● PROBLEM TO SOLVE: Reproduce the full listing as it stands. Images do not belong in the copy.

● PROVIDED ENTRIES:

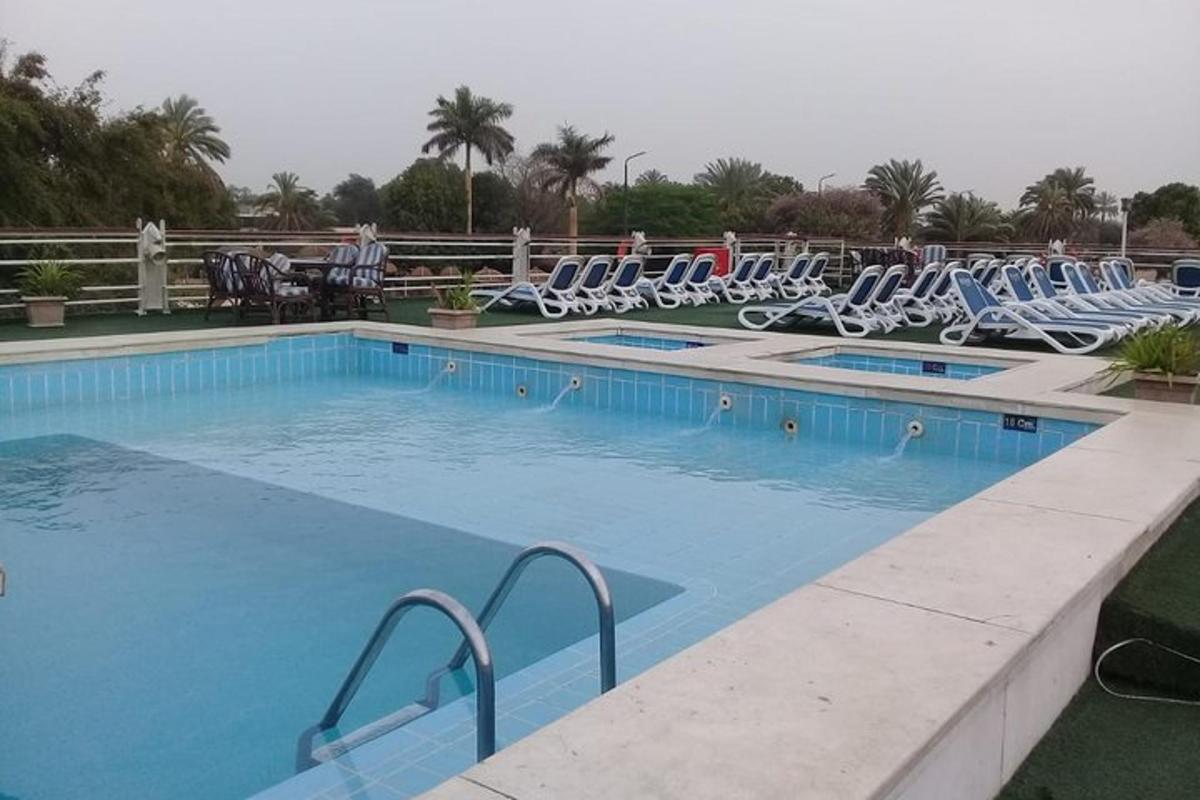 Una gran piscina con tumbonas en un complejo turístico.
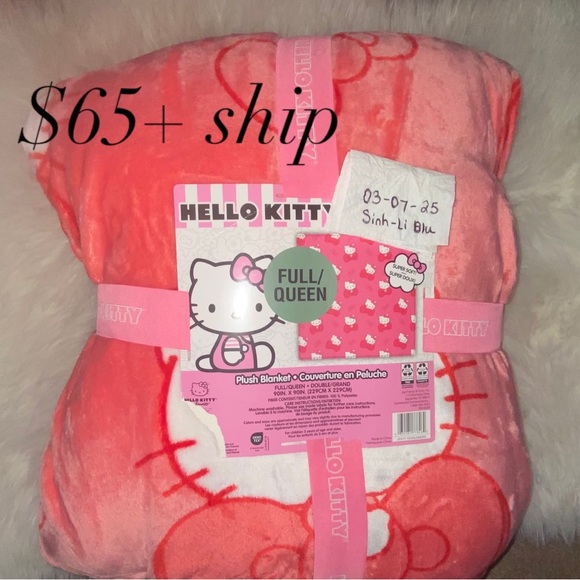 Hello Kitty | Bedding | Hello Kitty Htf Queen Bow | Poshmark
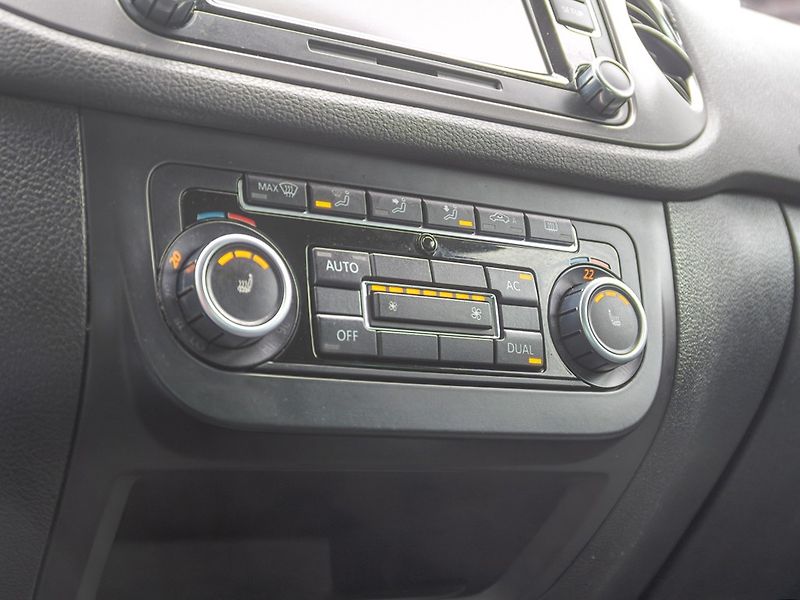 Volkswagen Tiguan (2010) ČR 2.0TSI 125KW 4x4 - SERVIS - fotka 23 z 48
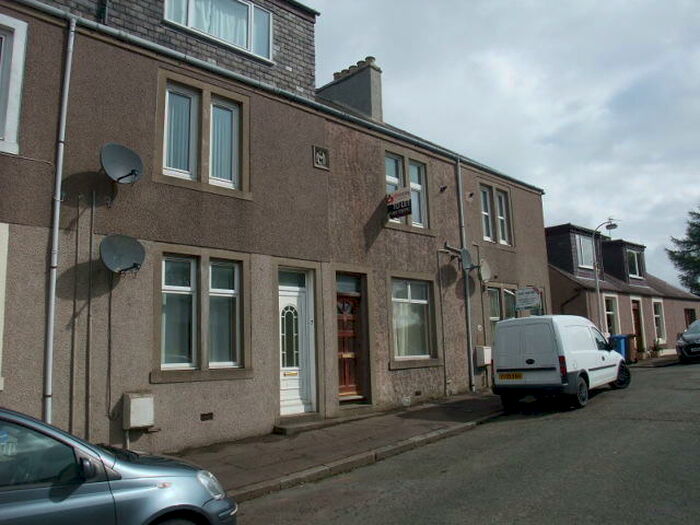 1 Bedroom Flat To Rent In Coaledge, Crossgates, Fife, KY4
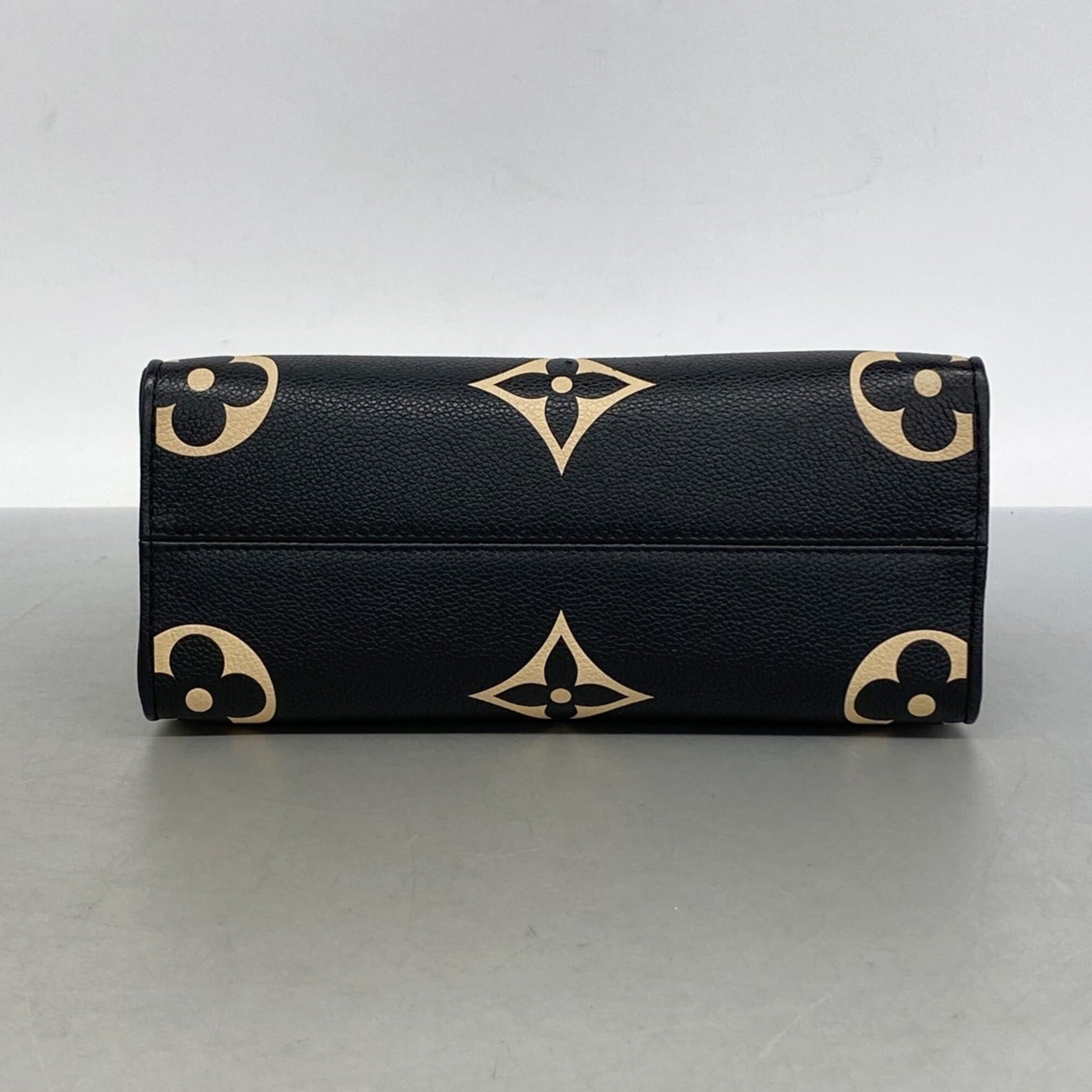 Louis Vuitton Beige Black Handbag (Pre-Owned)
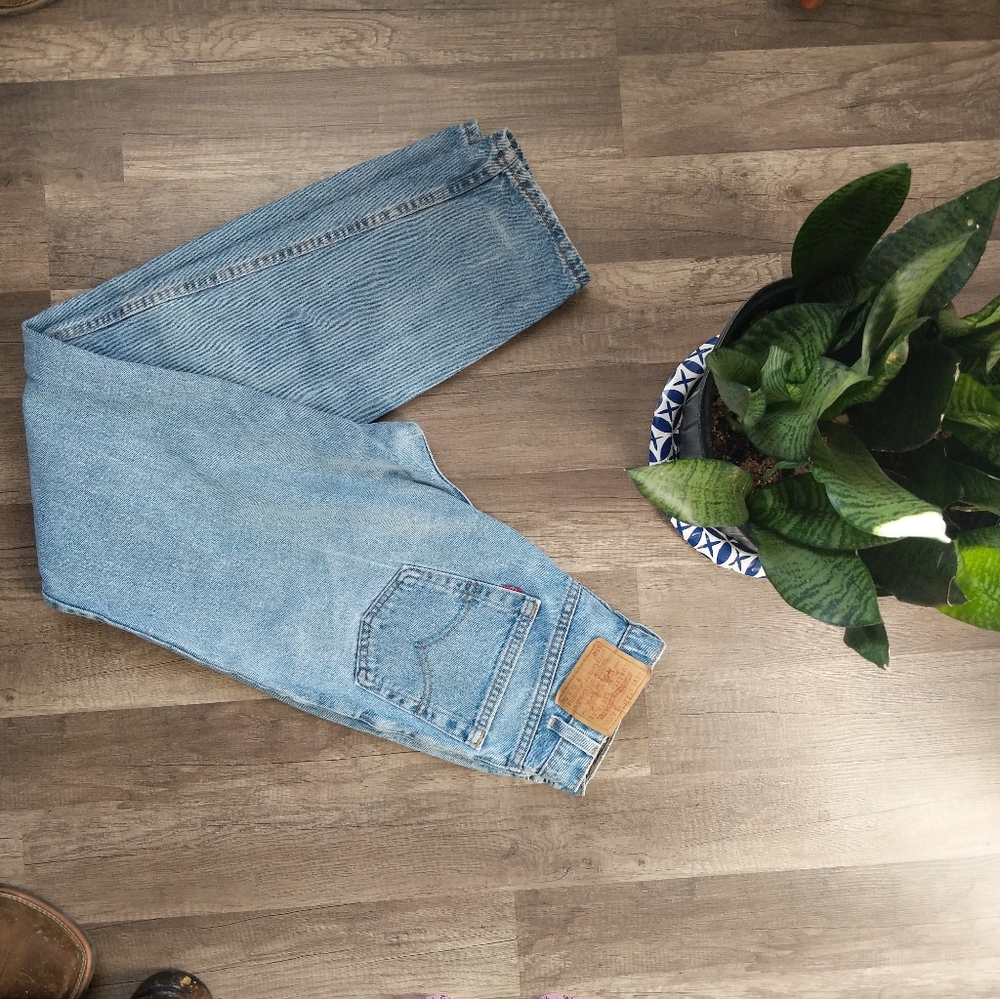 Vintage Levi's 550 high waist jeans USA made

● SOLUTION FOR THIS TASK:
 Una gran piscina con tumbonas en un complejo turístico.
 Hello Kitty | Bedding | Hello Kitty Htf Queen Bow | Poshmark
 Volkswagen Tiguan (2010) ČR 2.0TSI 125KW 4x4 - SERVIS - fotka 23 z 48
 1 Bedroom Flat To Rent In Coaledge, Crossgates, Fife, KY4
 Louis Vuitton Beige Black Handbag (Pre-Owned)
 Vintage Levi's 550 high waist jeans USA made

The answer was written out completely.